China’s Reported Deep-Sea Cable-Cutting Test Raises the Stakes
In April 2026, China’s Ministry of Natural Resources confirmed a successful deep-sea mission testing an “electro-hydrostatic actuator” described as capable of cutting armored submarine cables at depths of 3,500 meters. The public confirmation matters because it shifts the debate from theoretical vulnerability to a claimed, demonstrated capability. What remains less clear from public reporting is operational intent and how quickly such tools could be deployed at scale.

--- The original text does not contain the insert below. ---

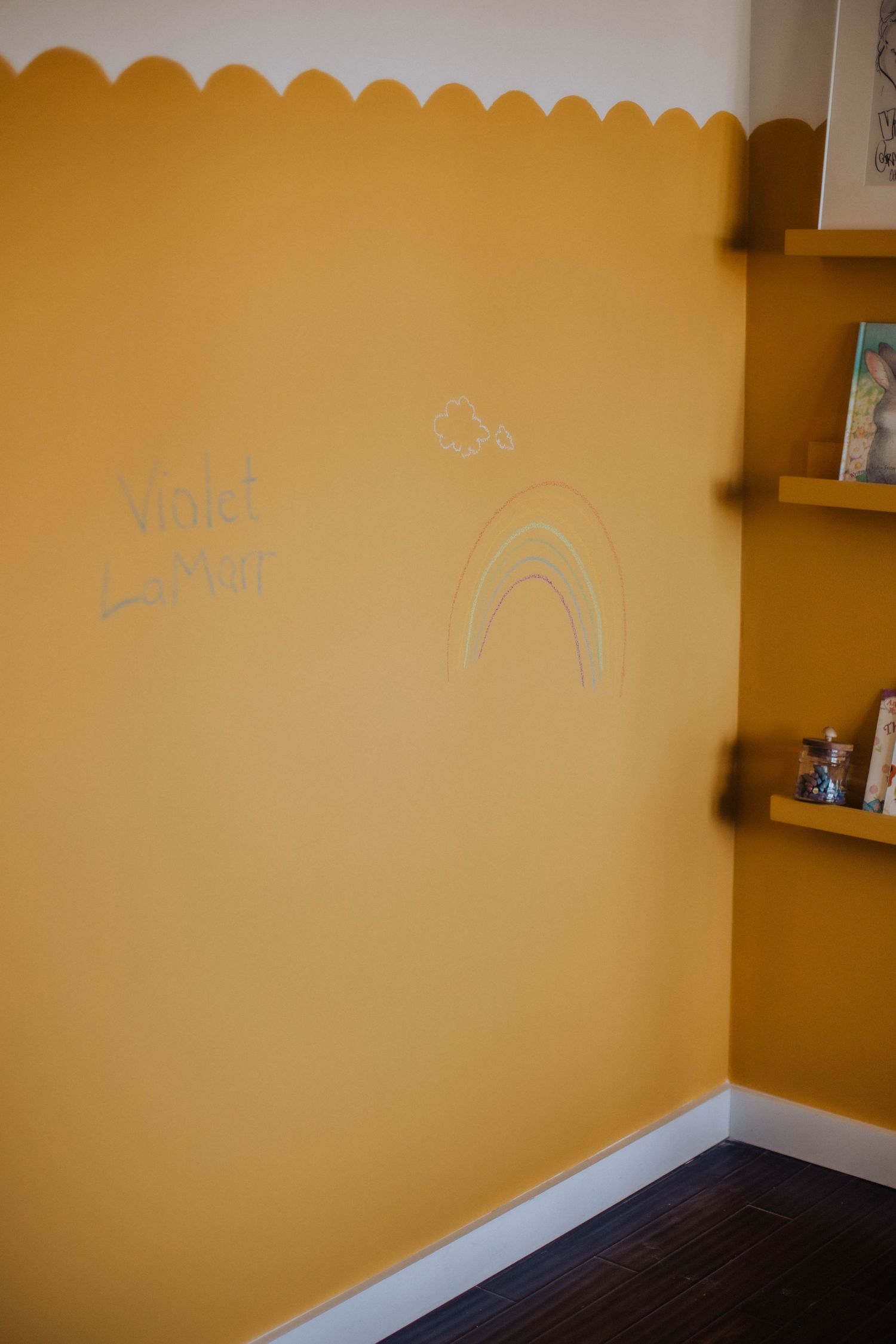 Yellow painted wall with decorative scalloped border detail near the ceiling.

Former Pentagon official Andrew Badger, now with defense technology firm Coalition Systems, has framed undersea cables as America’s “fragile nervous system” and warned adversaries are trying to “turn the bottom of the ocean into a battlefield.” His argument rests on a core point: a cable attack can be powerful precisely because it may fall below the threshold of open war. If attribution is uncertain, policymakers can be forced into hesitation while disruption spreads.

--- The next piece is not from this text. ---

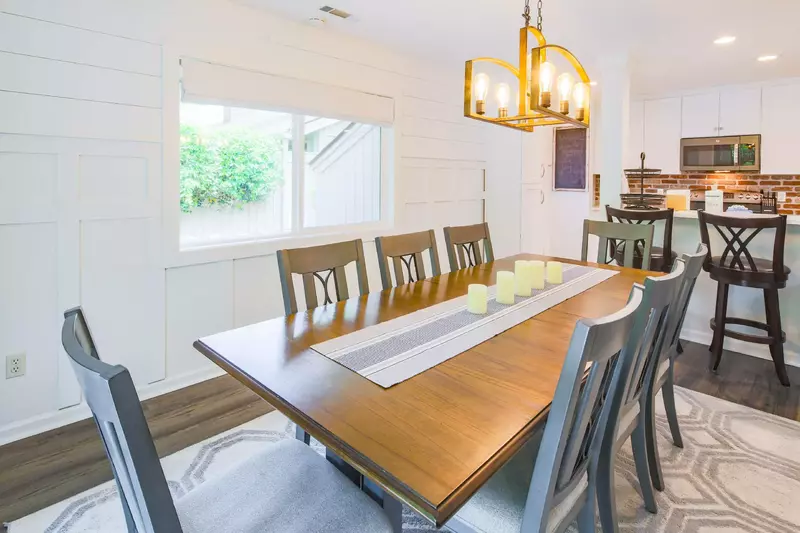 The walls in the dining room have both shiplap and wainscoting for a clean, coastal look.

Accidents Happen—And That’s Why “Gray-Zone” Attacks Are Hard to Prove
Distinguishing sabotage from routine damage is a major challenge. The International Cable Protection Committee estimates 150 to 200 cable breaks occur globally each year, and most are attributed to accidents such as ship anchors, fishing activity, or natural events. That baseline “noise” creates cover for intentional acts that can be denied or blamed on maritime mishaps. From a rule-of-law standpoint, uncertain attribution complicates any proportional response.
Taiwan’s experience illustrates the political sensitivity. Public reporting cited roughly 30 subsea cable incidents in recent years, including cases where Chinese vessels allegedly severed cables and disruptions lasted for months. The allegation underscores the strategic concern—cables can be targeted to pressure a society without a traditional battlefield engagement—but public information still leaves gaps on definitive proof for specific incidents. That uncertainty is exactly what makes cable threats attractive in hybrid competition.
Trump-Xi Talks and the Return of Hard-Nosed Infrastructure Politics
Warnings about cable vulnerability surfaced as President Donald Trump prepared for bilateral talks with China’s Xi Jinping in Beijing, with expected agenda items including trade, artificial intelligence, and Taiwan. In that context, undersea cable security becomes more than a technical issue; it is a bargaining-chip reality. If one side believes it can disrupt the other’s communications and markets quickly, it can influence risk calculations around everything from sanctions to deterrence.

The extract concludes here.